1. Obtain, set up, and launch the Consumer VPN software from the official obtain web page in your working system.
2. Create your VPN profile:
   1. Select File within the menu bar, select Handle Profiles, and select Add Profile.
   2. Enter a reputation in your profile. Instance: SparkHistoryServerUI
   3. Browse to ${REPO_DIR}/vpn/client_vpn_certs/client-config.ovpn, select the certificates file, and select Add Profile to avoid wasting your configuration.
3. Choose your newly created profile, select Join, and await the connection affirmation to determine the VPN connection.

Once you’re linked, you should have safe entry to the AWS assets in your setting.

Securely entry the SHS URL

Full the next steps to securely entry SHS utilizing an internet browser:

1. Execute the next command to get the SHS URL:

https://spark-history-server.instance.inner/

2. Copy this URL and enter it into your net browser to entry the SHS UI.

The next screenshot reveals an instance of the UI.

3. Select an App ID to view its detailed execution info and metrics.

4. Select the DataFlint tab to view detailed software insights and analytics.

DataFlint shows numerous useful metrics, together with alerts, as proven within the following screenshot.

Clear up

cd ${REPO_DIR}/ ./cleanup.sh

Conclusion

On this put up, we demonstrated the way to construct a centralized observability platform for Spark purposes utilizing SHS and improve SHS with efficiency monitoring instruments like DataFlint. The answer aggregates Spark occasions from a number of EMR on EKS clusters right into a unified monitoring interface, offering complete visibility into your Spark purposes’ efficiency and useful resource utilization. By utilizing a customized EMR picture with efficiency monitoring instrument integration, we enhanced the usual Spark metrics to realize deeper insights into software conduct. In case your setting makes use of a mixture of EMR on EKS, Amazon EMR on EC2, or Amazon EMR Serverless, you may seamlessly prolong this structure to combination the logs from EMR on EC2 and EMR Serverless in an analogous means and visualize them utilizing SHS.

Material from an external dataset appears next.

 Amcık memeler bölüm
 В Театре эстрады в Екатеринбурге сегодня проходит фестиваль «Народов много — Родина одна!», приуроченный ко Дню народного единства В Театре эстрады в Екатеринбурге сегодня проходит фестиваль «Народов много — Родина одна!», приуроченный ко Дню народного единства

Though this answer supplies a sturdy basis for Spark monitoring, manufacturing deployments ought to think about implementing authentication and authorization. SHS helps customized authentication by way of javax servlet filters and fine-grained authorization by way of entry management lists (ACLs). We encourage you to discover implementing authentication filters for safe entry management, configuring user- and group-based ACLs for view and modify permissions, and establishing group mapping suppliers for role-based entry. For detailed steerage, seek advice from Spark’s net UI safety documentation and SHS safety features.

Whereas AWS endeavors to use finest practices for safety inside this instance, every group has its personal insurance policies. Please be sure to make use of the particular insurance policies of your group when deploying this answer as a place to begin for implementing centralized Spark monitoring in your information processing setting.

In regards to the authors

Sri Potluri is a Cloud Infrastructure Architect at AWS. He’s obsessed with fixing complicated issues and delivering well-structured options for numerous clients. His experience spans throughout a variety of cloud applied sciences, offering scalable and dependable infrastructures tailor-made to every mission’s distinctive challenges.

Suvojit Dasgupta is a Principal Information Architect at AWS. He leads a workforce of expert engineers in designing and constructing scalable information options for AWS clients. He makes a speciality of growing and implementing modern information architectures to deal with complicated enterprise challenges.